Marketing Week today issued a story revealing the latest brands to top Brand Finance’s Global 500 list of the world’s most valuable brands.

Wal-Mart topped the bill, bumping incumbent Coca-Cola from the top spot, which the soft drinks giant had held since their research began in 2007.

But it was the Coke vs. Pepsi battle that caught my eye:

It’s not all bad news for Coke, however. It is still the dominant beverage brand on the list. While Coca-Cola’s total enterprise value of $104.5bn (£71.2bn) is just 22% greater than that of Pepsi (which is 21st in the table), the Coke brand is 118% more valuable than its arch-rival.

This reminded me of a fun little experiment that I have been meaning to post for a while, taken from Rob Walker’s excellent work on the relationship between who people are and what they buy, Buying In.

Walker was writing just last year, but for some time prior, traditional advertising methods were well on the way to being usurped by their younger digitally native upstart cousins in the social media space - invoking mass fear across the industry that brands and branding in the traditional sense no longer held the sway they once did.

So, taking the world’s biggest Superbrand (as it was then) and its arch rival, Pepsi, scientists at the Baylor College of Medicine put brand loyalty to the test amongst the disenchanted, anti-establishment student population. The results were, I thought quite remarkable.

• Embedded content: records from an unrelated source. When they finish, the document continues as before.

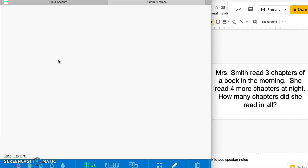Now that we have our materials, we're going to read these problems. Miss Smith read three chapters of a book in the morning. She read four more chapters at night. How many chapters did she read in all? Whenever we're working with word problems, it's really important to look for the key phrase that tells us what we're supposed to do. The words 'in all' tell me that I need to add it all together.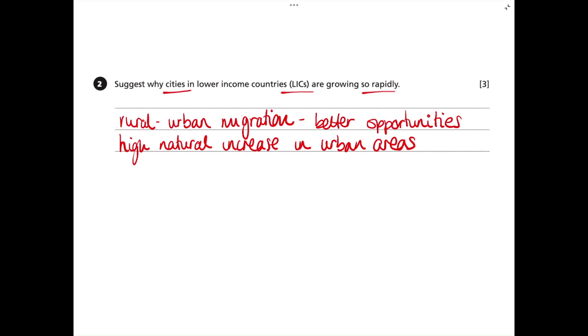So for three marks, we first have rural to urban migration, as there are better opportunities. And then we also have high natural increase in urban areas, which gives us three marks.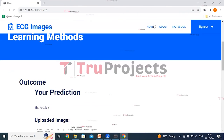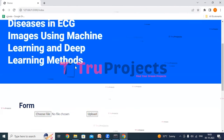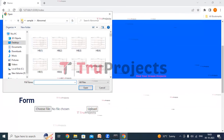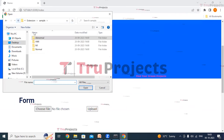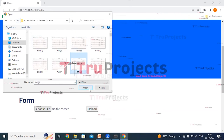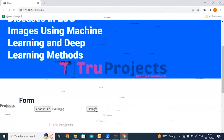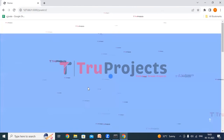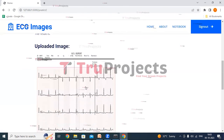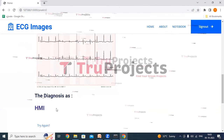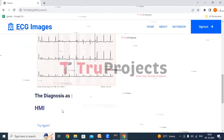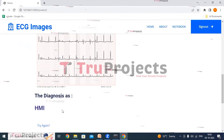Now clicking on home. Clicking on choose file button — we'll try with an HMI image now. Giving the eighth image and clicking open, then clicking the upload button. This is the uploaded image, and here we can see the diagnosis as HMI. It has correctly classified the condition as HMI.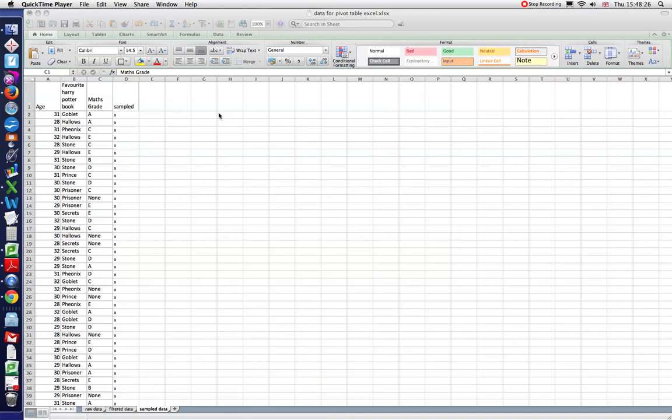Now I have just my sample data. I'd like to put this in a nice summarized table where maybe it compares favorite Harry Potter book against math grade. Well, this can easily be done using a function called pivot table.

First, they conducted the classic blind taste test - white-labelled, un-branded Pepsi vs. white-labelled, un-branded Coke. Unsurprisingly, given the very similar ingredients, the split was more or less half and half (with a slight favour for Pepsi).

In the second round however, the subject had to choose between a labelled can (Pepsi for some, Coke for others) and an unlabelled one. Properly labelled, Pepsi again finished in a tie with its unknown competitor. But Coke on the other hand was by far the decisive favourite above its mystery rival.

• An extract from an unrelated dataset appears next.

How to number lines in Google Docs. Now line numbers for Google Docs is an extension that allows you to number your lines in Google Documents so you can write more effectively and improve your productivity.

And here’s the twist. In this second round, subjects were told that the unlabelled drink might be Pepsi or it might be Coke. In reality, the labelled drink was always competing against itself. Thus, branded Coke totally trounced its unbranded self . Bizarre.

Or not so bizarre when we look at the neurology behind it (courtesy of BrandChannel.com), where we actually get scientific proof of brand impact. Ready? Here comes the science bit:

When Montague gave a taste of an unnamed soda to his volunteers he found that, technically, more people preferred Pepsi. On the scan images the ventral putamen, one of the brain’s reward centers, had a response that was five times stronger than for people who preferred Coke.

The shock came when Read repeated the experiment, this time telling volunteers which brand they were tasting. Nearly all the subjects then said they preferred the Coke. Moreover, different parts of the brain fired as well, especially the medial prefrontal cortex, an area associated with thinking and judging. Without a doubt the subjects were letting their experience of the Coke brand influence their preferences.

The work of Montague and other studies prove that branding goes far beyond images and memory recall. The medial prefrontal cortex is a part of the brain known to be involved in our sense of self. It fires in response to something — an image, name or concept — that resonates with who we are. Something clicks, and we are more likely to buy.

Brand immunity? We’re certainly not there yet.

And while we’re on the subject of the big red machine, take a look at their 2006 - most successful ever - advertising campaign, The Happiness Factory (below). It’s fab. So fab in fact, that they they are now rolling out a multi-player game version of the concept as an iPhone application - on top of the interactive site already online. Brilliant.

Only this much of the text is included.